Top of Record excerpts

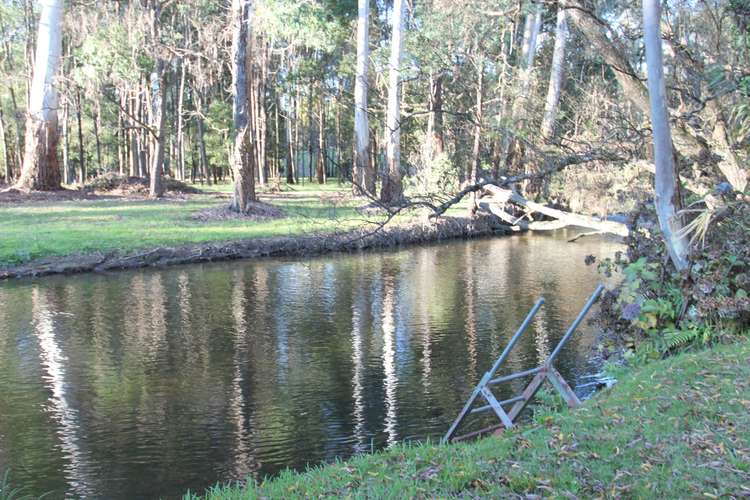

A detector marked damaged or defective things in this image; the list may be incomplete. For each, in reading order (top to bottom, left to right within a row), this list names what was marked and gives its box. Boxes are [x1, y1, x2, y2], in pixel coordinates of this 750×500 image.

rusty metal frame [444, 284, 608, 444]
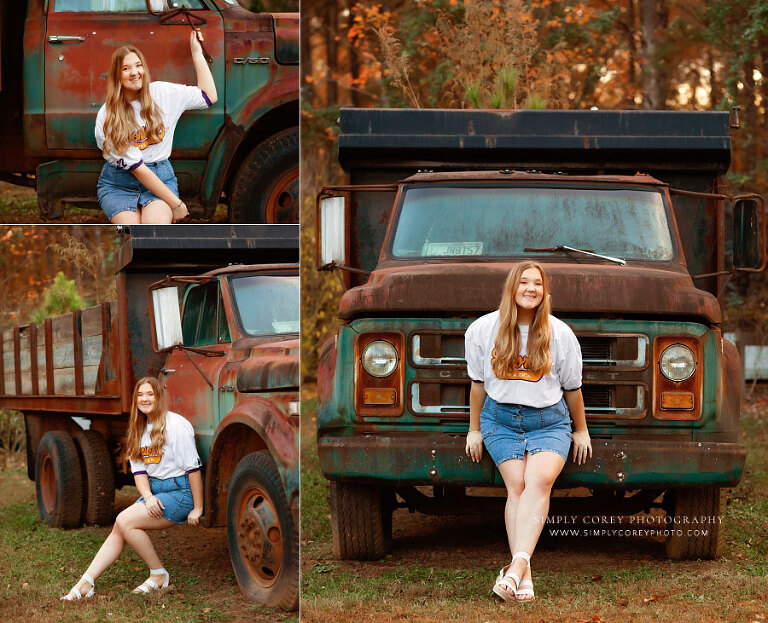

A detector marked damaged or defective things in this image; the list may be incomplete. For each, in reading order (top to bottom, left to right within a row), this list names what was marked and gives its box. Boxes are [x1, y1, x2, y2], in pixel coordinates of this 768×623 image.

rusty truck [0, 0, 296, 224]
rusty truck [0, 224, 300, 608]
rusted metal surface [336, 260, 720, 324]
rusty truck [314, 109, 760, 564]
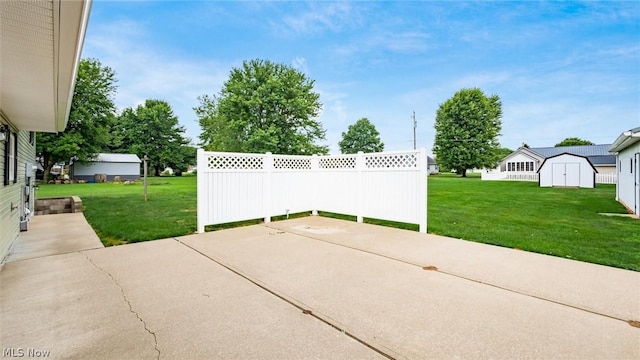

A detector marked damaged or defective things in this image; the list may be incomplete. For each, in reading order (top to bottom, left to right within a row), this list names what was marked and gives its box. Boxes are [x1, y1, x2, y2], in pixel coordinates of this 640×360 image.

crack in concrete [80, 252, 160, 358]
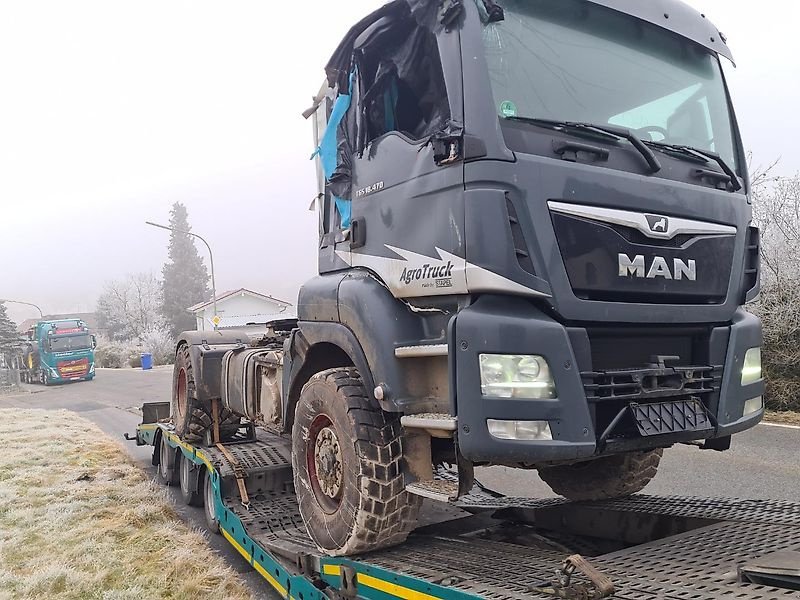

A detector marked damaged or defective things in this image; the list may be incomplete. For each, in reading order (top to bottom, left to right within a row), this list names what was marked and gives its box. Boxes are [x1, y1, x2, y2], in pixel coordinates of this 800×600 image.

Bottom of Record excerpts
Top of Record excerpts

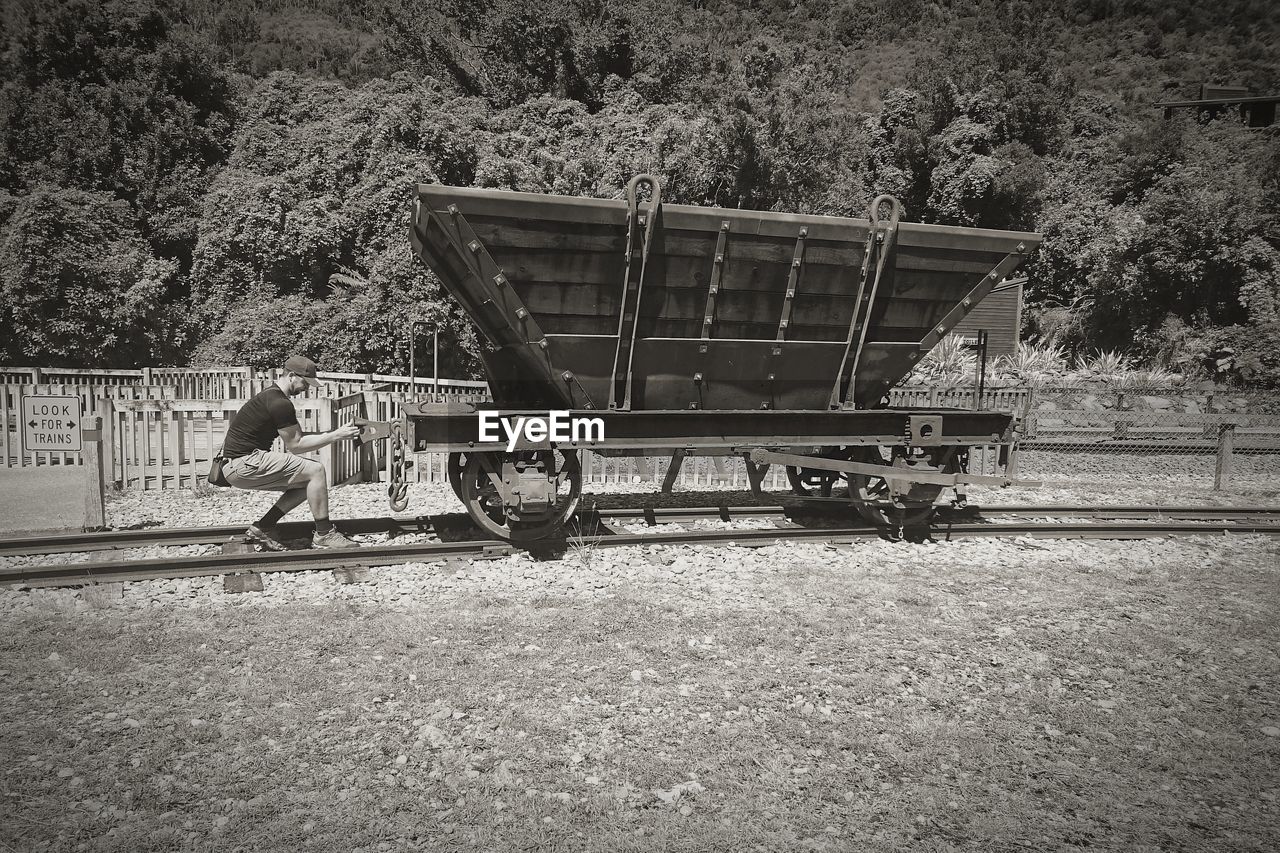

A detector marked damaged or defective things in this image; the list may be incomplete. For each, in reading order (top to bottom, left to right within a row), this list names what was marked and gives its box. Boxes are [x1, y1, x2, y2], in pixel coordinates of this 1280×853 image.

Bottom of Record excerpts

:: What to produce ::
What belongs in the answer is each line above from the line with "this 768×623 image." to the line with "this 800×600 image.", inclusive, reproduced exactly and free of pictures.

:: Output below ::
A detector marked damaged or defective things in this image; the list may be incomplete. For each, in reading order (top to bottom, left to right within a row), this list names what was marked and gives its box. Boxes are [x1, y1, x2, y2], in pixel coordinates of this 768×623 image.

rusty truck [0, 0, 296, 224]
rusty truck [0, 224, 300, 608]
rusted metal surface [336, 260, 720, 324]
rusty truck [314, 109, 760, 564]

A detector marked damaged or defective things in this image; the list may be incomplete. For each, in reading order (top to bottom, left to right within a row), this list names what was marked and gives its box. Boxes are [x1, y1, x2, y2], in pixel coordinates of this 640×360 image.

crack in concrete [80, 252, 160, 358]

A detector marked damaged or defective things in this image; the list may be incomplete. For each, in reading order (top to bottom, left to right within a row), this list names what was marked and gives its box. Boxes are [x1, y1, x2, y2], in pixel coordinates of this 800×600 image.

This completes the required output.